Cordiant: The Phantom takeover
Even bad news seems to work in unexpected ways. Take a look at Cordiant which yesterday, having warned of a gloomy outlook for the second half, saw its stock rally 7%.
The comeback saw Cordiant recover some of the losses it suffered last week, when its share price dropped 20%, hitting a two-year low at 149p.
Yesterday, the talk was again that the company was ripe for takeover, a story that has been running on and off for the past 18 months. Early last year, Cordiant chief Michael Bungey hung the for-sale sign outside the Bates-owning network, eagerly telling the world that Cordiant was ripe for a takeover from rivals and suggested they move quickly before the price went up.
Last week, the shares fell because it was feared that Cordiant was set to announce bad news, and it was. Although this news was dressed up somewhat -- interim pre-tax profits rose to £22.1m -- bad news was still what it was.
The news was no worse than anyone expected. More job cuts are to come; the group is suffering in the US, where it is highly exposed to technology clients; and revenue growth for the second half will be flat. But that seems to nicely sum up the downturn in advertising for you.
So the bad news was there for all to see and it seems to suggest that Monday morning's rally will not last. Which brings us to the sale of Cordiant itself.
So is Cordiant a takeover target? Yes, but only in the sense that all of the small remaining independent marketing communications firms are, including Lord Bell's Chime Communications, Incepta and the Carat Group-owning Aegis, like Tempus a much more tempting target.

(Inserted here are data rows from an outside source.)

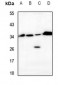 Anti-VTI1B Antibody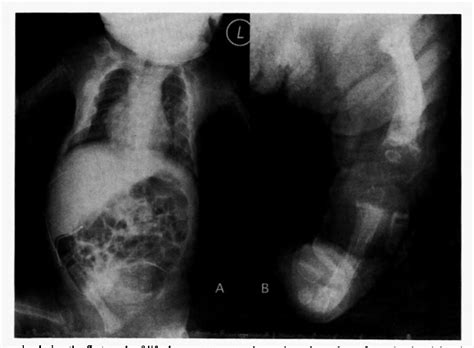 Figure 1 From Transient Neonatal Hyperparathyroidism A Presenting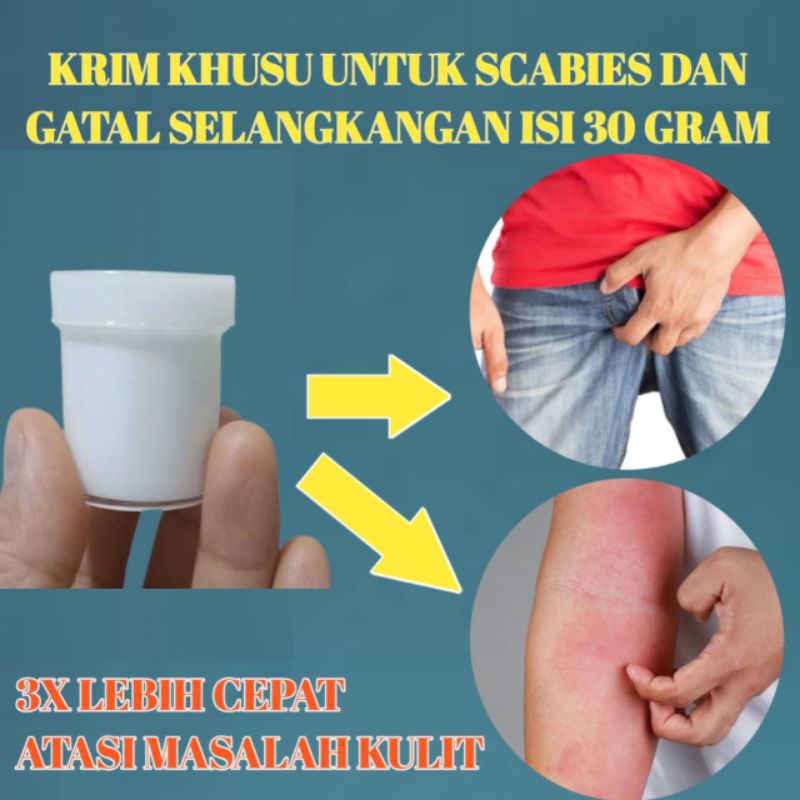 Salep serbaguna racikan apotek isi 20 gram paling ampuh untuk gatal selangkangan dan scabies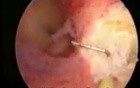 Uterine Septum - Hysteroscopic Resection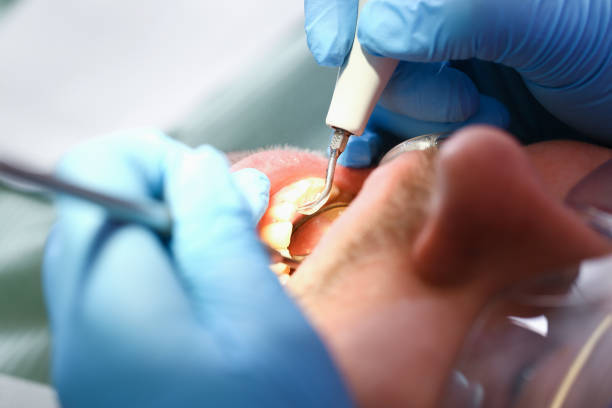 Best Dental Abscess Treatment in Downey, CA
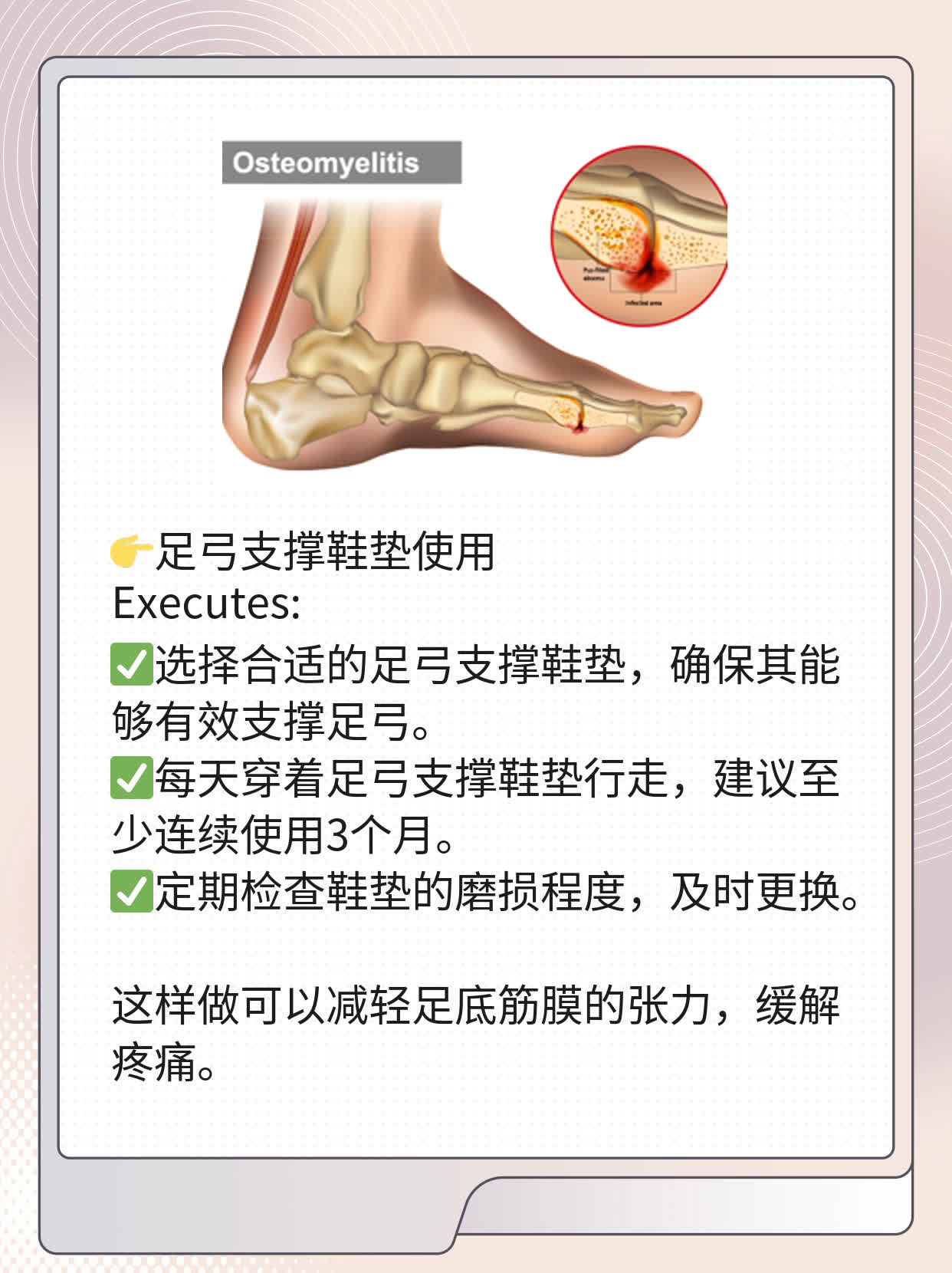 走路脚后跟痛？警惕足底筋膜炎！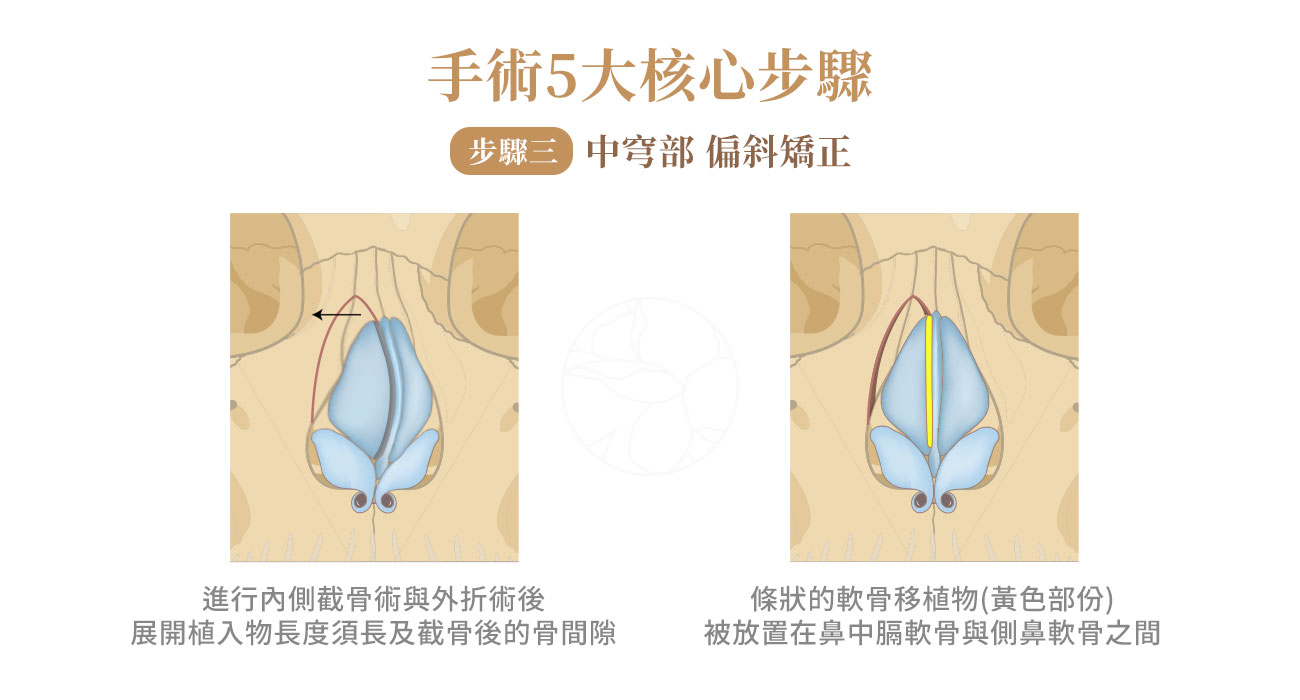 中穹部 偏斜矯正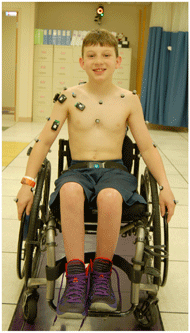 A frontal view of a young boy sitting in his wheelchair in the middle of the testing space with the reflective markers required by the upper extremity marker model adhered to his skin.  These markers are placed in the following locations, bilaterally: third and fifth metacarpals, ulnar and radial styloids, lateral humerus, coracoid process, acromion, suprasternal notch and xiphoid process, markers not visible are those on the olecranon, trigonum spinae, inferior angle, acromial angle, scapular spine and the spinal process C7. 
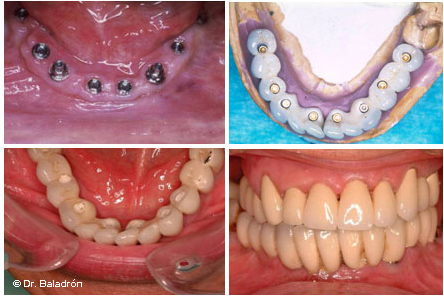Prótesis completa fija mandibular de 12 dientes sobre 8 implantes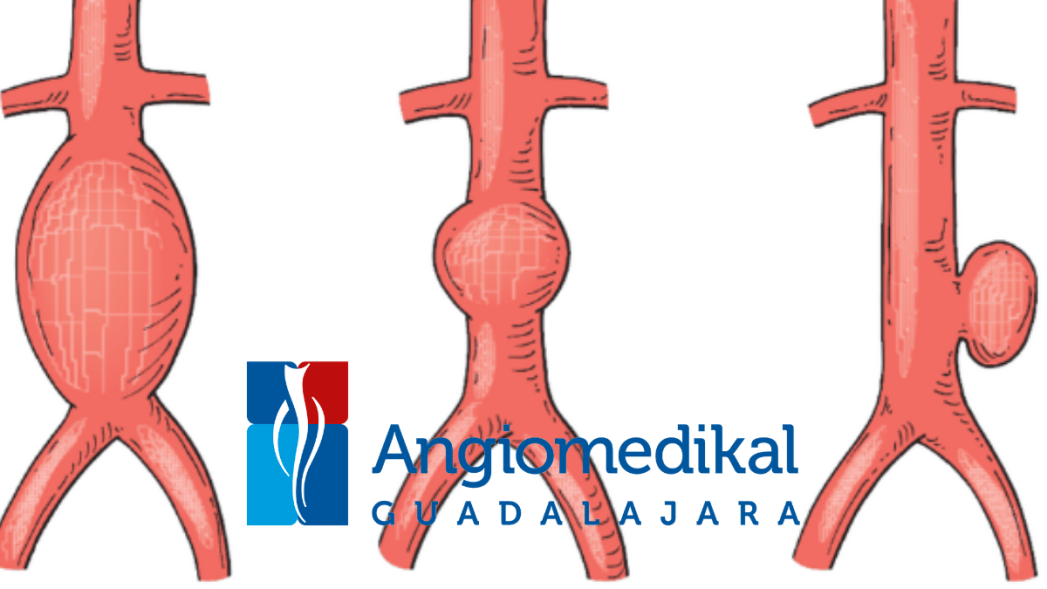 Aneurisma de Aorta Abdominal – Angiología, Cirugía Vascular y Endovascular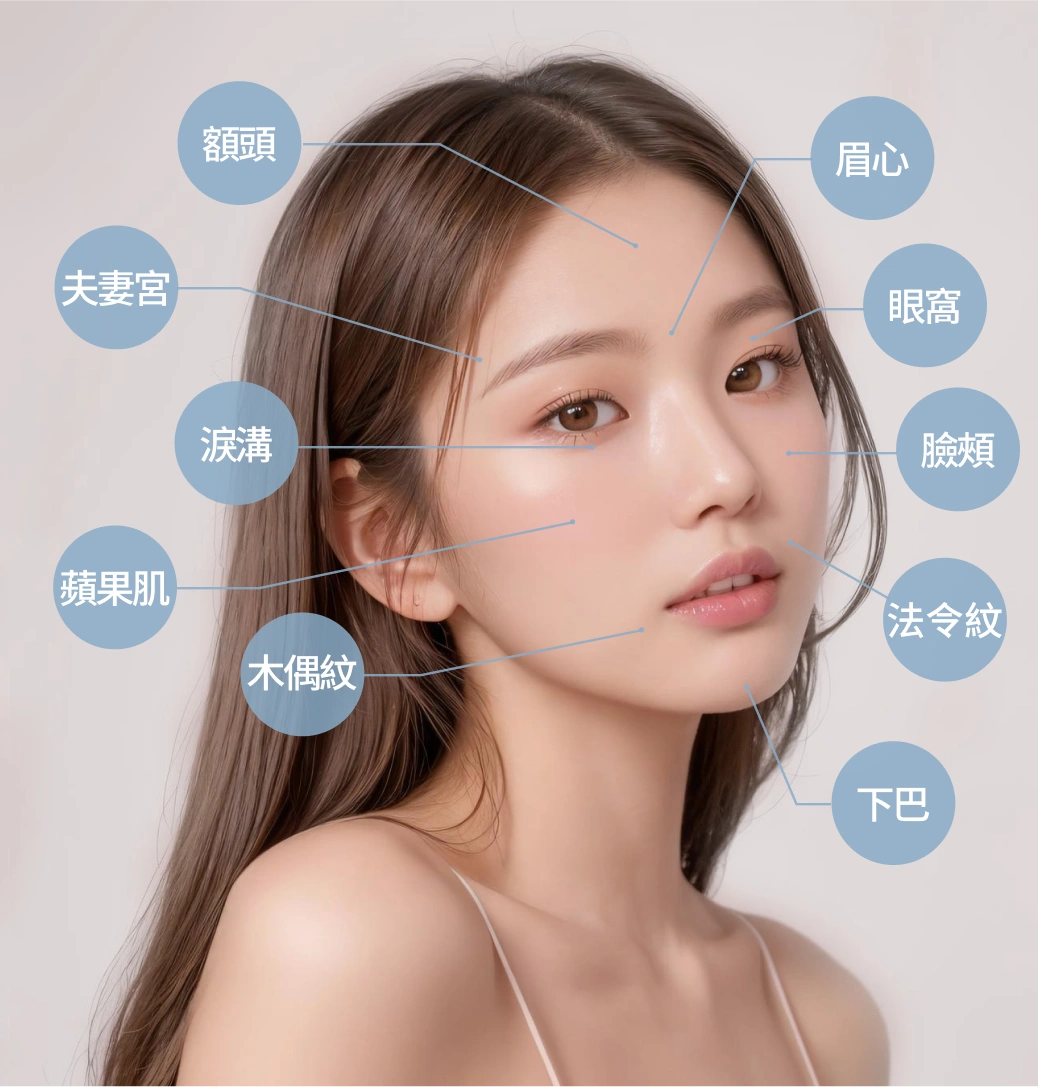 可填補部位-額頭、夫妻宮、淚溝、蘋果肌、木偶紋、眉心、眼窩、臉頰、法令紋、下巴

Will they be sold too? Yes, but probably not today and not within the next six months.
Of course, the City would like to see Cordiant sold. Snapped up by the gang of three -- WPP, Omnicom and Interpublic -- which are linked to Cordiant every time a for-sale story is written.
But, with a flat year ahead and heavy exposure to the US market, is this the right time to snap up Cordiant? It does not seem so. The big three have their own problems and, as for WPP and Interpublic, they have recently spent large to acquire networks -- WPP with Young & Rubicam and Interpublic with True North.
What is intriguing about Cordiant is how regularly the for-sale flag is run up the pole. Prior to Bungey's own comments, Cordiant, more than any other group, has been regularly touted as a takeover target.
Analysts saw last summer's $421m (£296.2m) acquisition of the Lighthouse Global Network, as well as a string of other smaller marketing and PR firms, as a sign that Cordiant was being readied for a sale.
Then the idea seemed to be to beef up Cordiant's marketing services arm and its US market share -- well, it seemed like such a good idea at the time.
Bungey admitted as much then, that the acquisition of Lighthouse was akin to fattening the company up for a sale.
Then came the talks with True North, which came to nothing. So, still no buyer.
Now the share price is up again. Maybe it will be down again by the time you read this. But then Bungey is probably as aware as anyone else that investments can go up as well as down, which probably has something to do with him wanting to cash in his chips.